Carlos se fijó al mirar alrededor que muchos de los hombres de Rohan apostados en la muralla escuchaban con atención a Aragorn; quizá dejándose llevar por sus historias con la idea de olvidarse por un momento que pronto iban a ser atacados.
–Me fui de Rivendel a los veinte años para convertirme en el decimo sexto capitán de los Dunedain y para poder vivir entre los míos –continuó el montaraz–. Sobre mi pesa una gran obligación para con mi gente, y comprendí que sí quería aspirar a… – pareció elegir bien sus palabras–…ayudarles, debía entender sus necesidades y sus problemas, sus costumbres. Por eso me lancé hacia lo salvaje visitando cada rincón de la Tierra Media.
Carlos sabía que aquella no era la única razón, pero decidió reservarse esa pregunta y decidió hacer otra para aligerar la conversación y para, de paso, intentar animar un poco al resto de los hombres.
–¿Te gusta la música? He oído que eres un buen cantante.
–¡Cante algo para nosotros! –pidió uno de los hombres de Rohan.
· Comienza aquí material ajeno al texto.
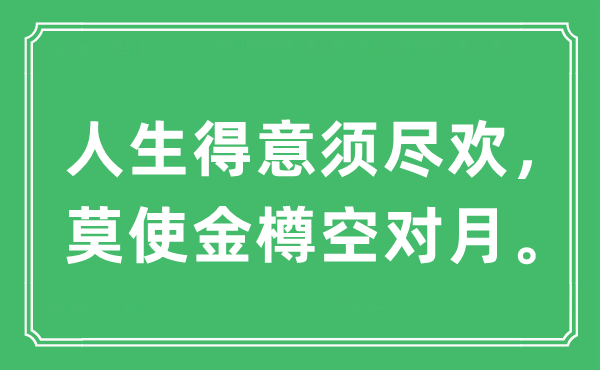 “人生得意須盡歡，莫使金樽空對月?！笔鞘裁匆馑?出處及原文翻譯
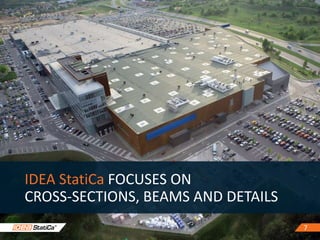 7
IDEA StatiCa FOCUSES ON
CROSS-SECTIONS, BEAMS AND DETAILS
7
 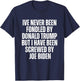Never Been Fondled By Donald Trump Been Screwed By Joe Biden T-Shirt - T-Shirt | Navy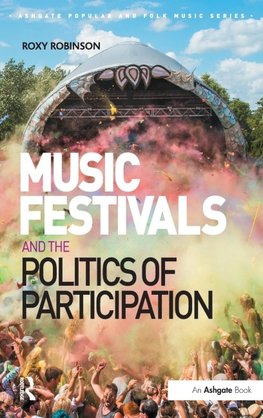 Music Festivals and the Politics of Participation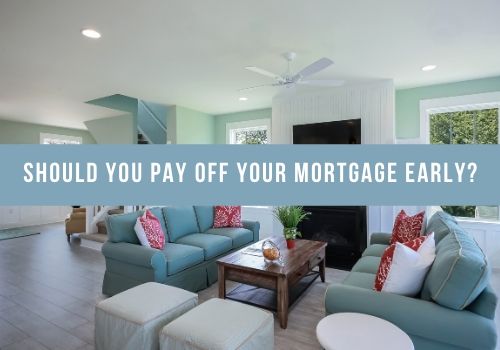 Should You Pay Off Your Mortgage Early in Courtenay, BC?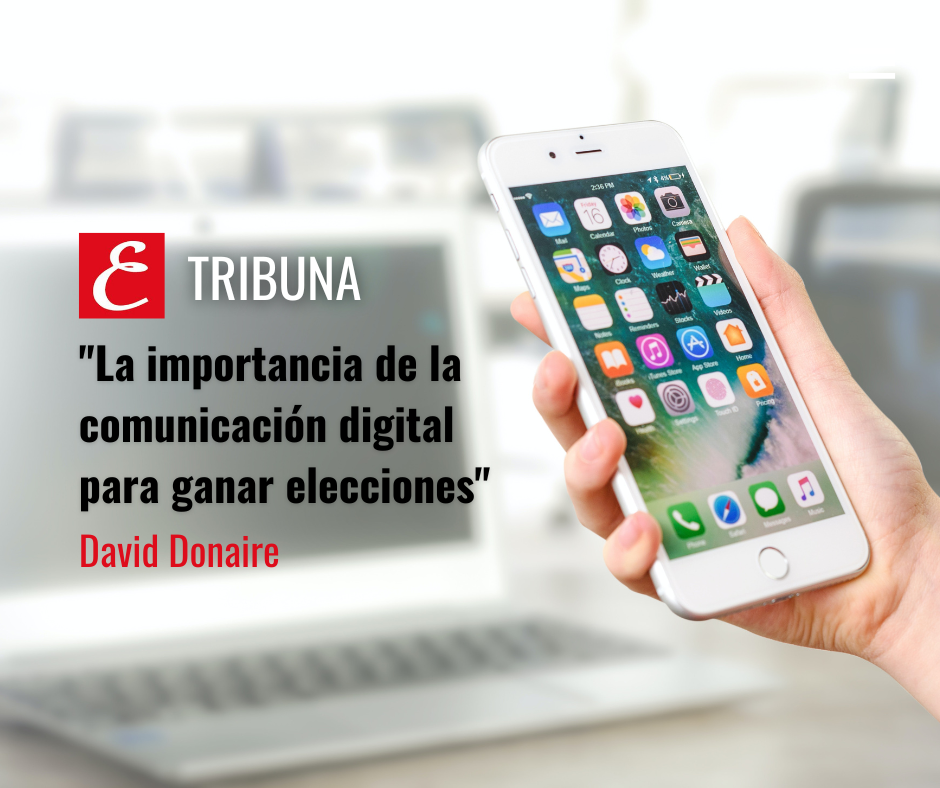 "La importancia de la comunicación digital para ganar elecciones"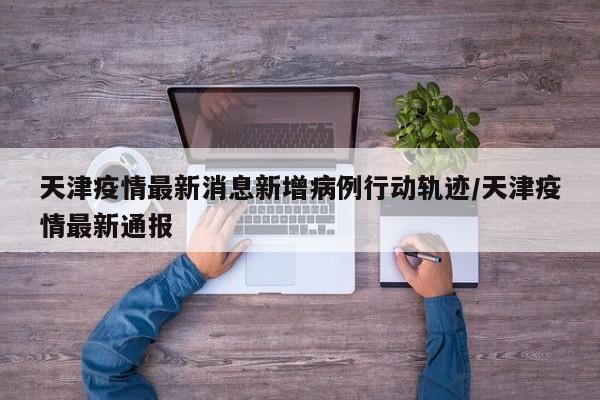 天津疫情最新消息新增病例行动轨迹/天津疫情最新通报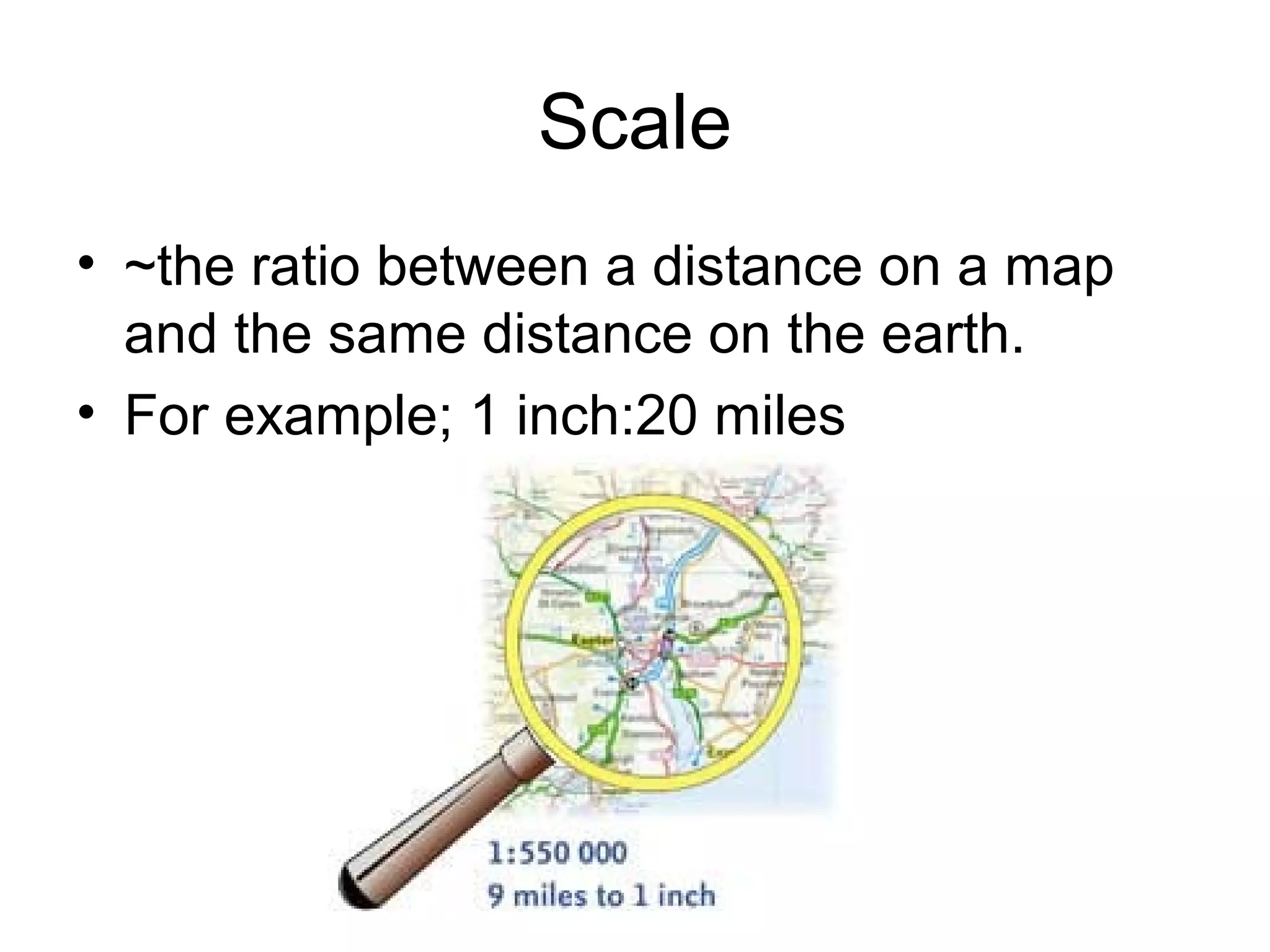 Scale
• ~the ratio between a distance on a map
and the same distance on the earth.
• For example; 1 inch:20 miles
Entonces Aragorn, mirando a Carlos y viendo la suplica en sus ojos, no habló, pero entonando dulcemente dijo:
Las hojas eran largas, la hierba era verde,
las umbelas de los abetos altas y hermosas
y en el claro se vio una luz
de estrellas en la sombra centelleante.
Tinúviel bailaba allí,
a la música de una flauta invisible,
con una luz de estrellas en los cabellos
y en las vestiduras brillantes.
Allí llegó Beren desde los montes fríos
y anduvo extraviado entre las hojas
y donde rodaba el Río de los Elfos,
iba afligido a solas.
Espió entre las hojas del abeto
y vio maravillado unas flores de oro
sobre el manto y las mangas de la joven,
y el cabello la seguía como una sombra.
El encantamiento le reanimó los pies
condenados a errar por las colinas
y se precipitó, vigoroso y rápido,
a alcanzar los rayos de la luna.
Entre los bosques del país de los ellos
ella huyó levemente con pies que bailaban
y lo dejó a solas errando todavía
escuchando en la floresta callada.
Allí escuchó a menudo el sonido volante
de los pies tan ligeros como hojas de tilo
o la música que fluye bajo tierra
y gorjea en huecos ocultos.
Ahora yacen marchitas las hojas del abeto
y una por una suspirando
caen las hojas de las hayas
oscilando en el bosque de invierno.
La siguió siempre, caminando muy lejos;
las hojas de los años eran una alfombra espesa,
a la luz de la luna y a los rayos de las estrellas
que temblaban en los cielos helados.
El manto de la joven brillaba a la luz de la luna
mientras allá muy lejos en la cima
ella bailaba, llevando alrededor de los pies
una bruma de plata estremecida.
Cuando el invierno hubo pasado, ella volvió,
y como una alondra que sube y una lluvia que cae
y un agua que se funde en burbujas
su canto liberó la repentina primavera.
El vio brotar las flores de los elfos
a los pies de la joven, y curado otra vez
esperó que ella bailara y cantara
sobre los prados de hierbas.
De nuevo ella huyó, pero él vino rápidamente,
¡Tinúviel! ¡Tinúviel!
La llamó por su nombre élfico
y ella se detuvo entonces, escuchando.
Se quedó allí un instante
y la voz de él fue como un encantamiento,
y el destino cayó sobre Tinúviel
y centelleando se abandonó a sus brazos.
Mientras Beren la miraba a los ojos
entre las sombras de los cabellos
vio brillar allí en un espejo
la luz temblorosa de las estrellas.
Tinúviel la belleza élfica,
doncella inmortal de sabiduría élfica
lo envolvió con una sombría cabellera
y brazos de plata resplandeciente.
Larga fue la ruta que les trazó el destino
sobre montañas pedregosas, grises y frías,
por habitaciones de hierro y puertas de sombra
y florestas nocturnas sin mañana.
Los mares que separan se extendieron entre ellos
y sin embargo al fin de nuevo se encontraron
y en el bosque cantando sin tristeza
desaparecieron hace ya muchos años.
–La Estrella de la Tarde, Arwen Undomiel –respondió Aragorn, y su semblante se tornó nostálgico al tiempo que volvía su mirada hacia el noreste, la dirección donde se encontraba Rivendel, más allá de las Montañas Nubladas.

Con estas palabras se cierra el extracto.